Robert Redford plays Paul Bratter, a conservative young lawyer, just married to a vivacious young woman, Corrie, played by Jane Fonda. Their highly passionate relationship descends into comical discord in a five-flight New York City walk-up apartment.

The only reason to check out this horribly dated comedy are the performances by Charles Boyer and Mildred Natwick, who play the eccentric upstairs neighbor and Corrie's uptight mother, respectively. Whenever they are on screen the movie comes alive with a comic energy that is absent in the rest of the film.

Redford and Fonda are alright but forgettable, and like most of the Neil Simon movie adaptations, the dialogue is corny and dated. In their day, Simon's plays must have been great on stage, but every film adaptation has the same kind of inoffensive and milquetoast humor that only Park Avenue types still find funny. After a while it just gets boring. Boyer and Natwick manage to make it work, but Fonda and Redford just sound like actors reciting dialogue from a play.



Final Verdict: See It for Charles Boyer and Mildred Natwick

Wednesday, September 2, 2009

The Window (1949)


Directed by
: Ted Tetzlaff
Written by: Cornell Woolrich; Mel Dinelli
Starring: Bobby Driscoll, Barbara Hale, Arthur Kennedy, Paul Stewart, Ruth Roman

Now here is a great little film! I've been wanting to watch this for a couple years now, but since it is unavailable on DVD or VHS, it was impossible. Thank goodness for Turner Class Movies!

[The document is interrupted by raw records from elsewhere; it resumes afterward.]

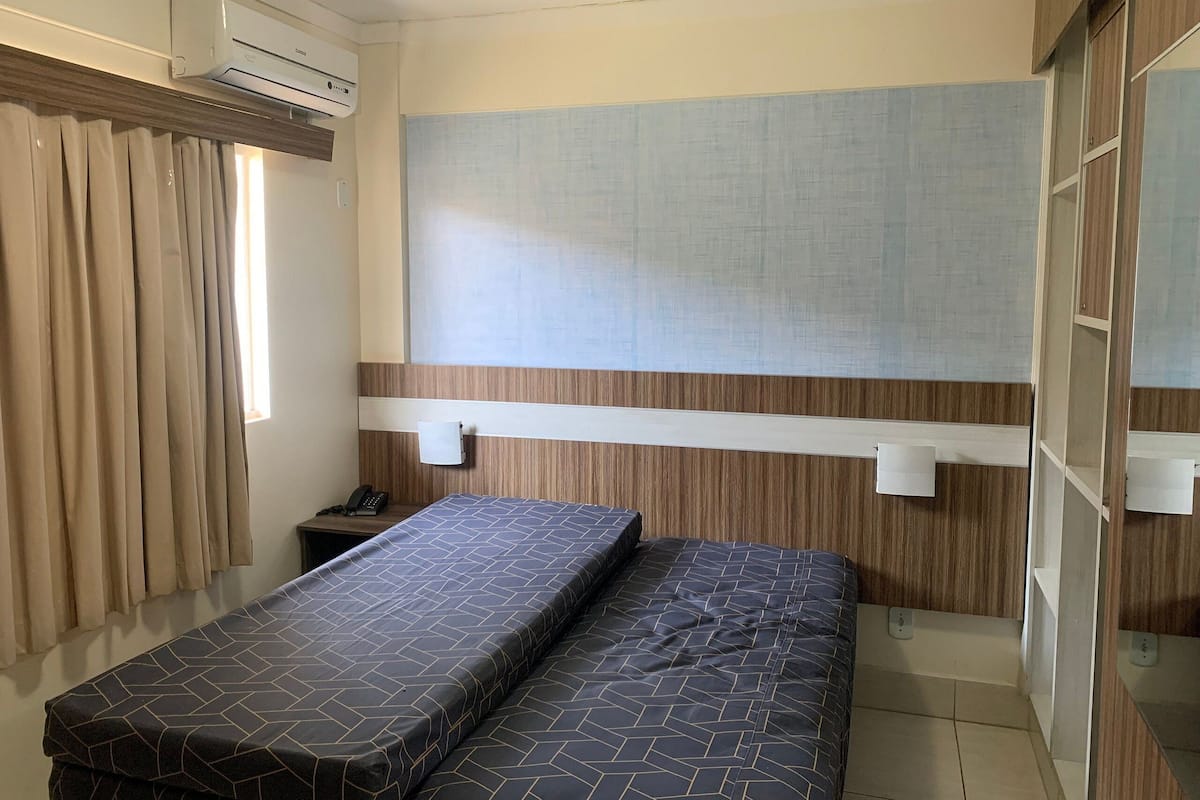 A small, compact room with a bed, a bedside table, a wall-mounted air conditioner, and a window with curtains.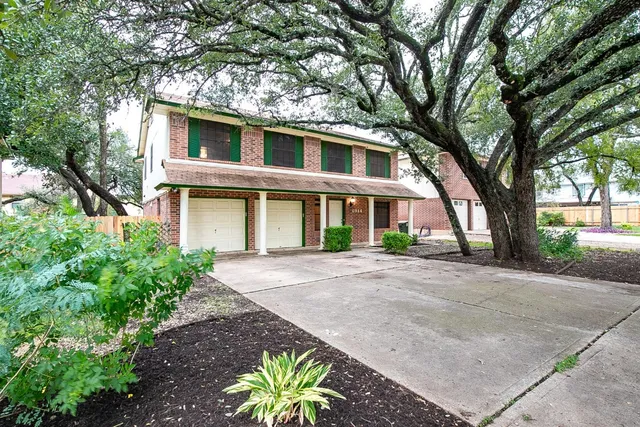 a front view of a house with a yard and trees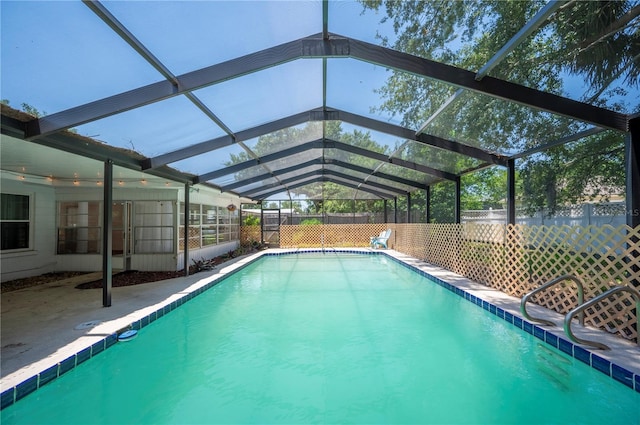 961 Oleander Dr SE, Winter Haven, FL 33880 - view of swimming pool featuring a patio and a lanai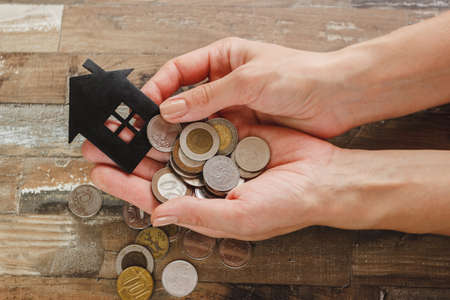 Gold, silver coins and decorative house, wooden backgroundの写真素材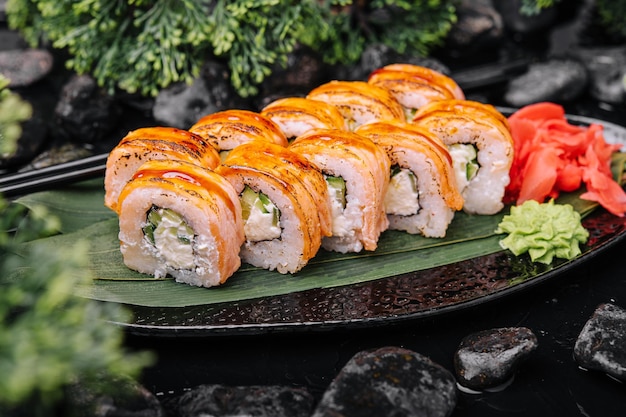 Rolls with fried salmon and cheese cucumber on plate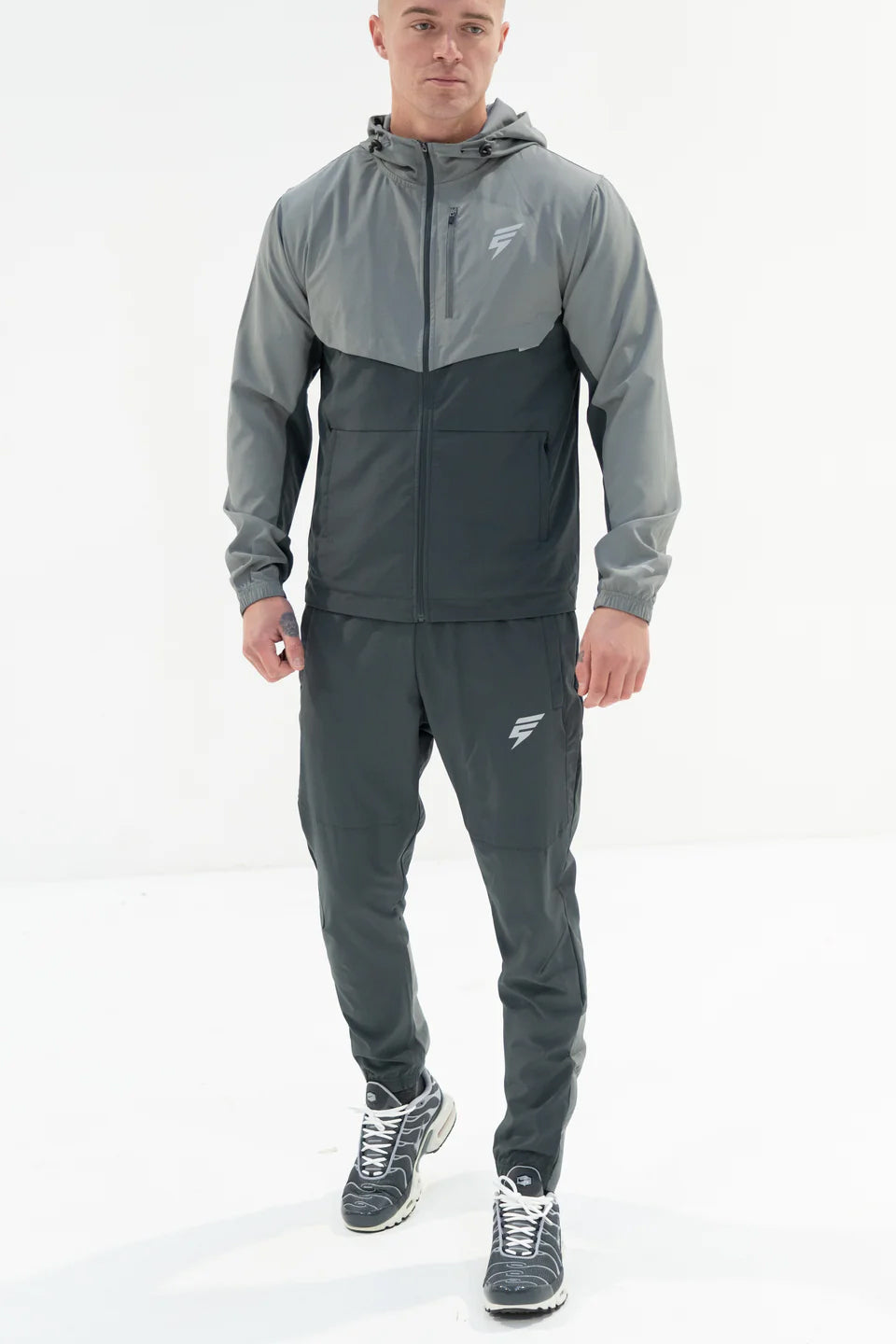 Elude track pants 'coal/light grey'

The story is simple. A little boy has a bad habit of making up wild stories to impress his friends and family. When he's sleeping out on his fire escape one sweltering summer night, he witnesses his upstairs neighbors murder a man. When he tells his mother and father, not surprisingly, they think he's making it all up or that he's had a bad dream. When the killers upstairs get wind that the little boy knows about their crime, the decide to kill him. So it's up to the boy to prove he's not lying and evade the killers.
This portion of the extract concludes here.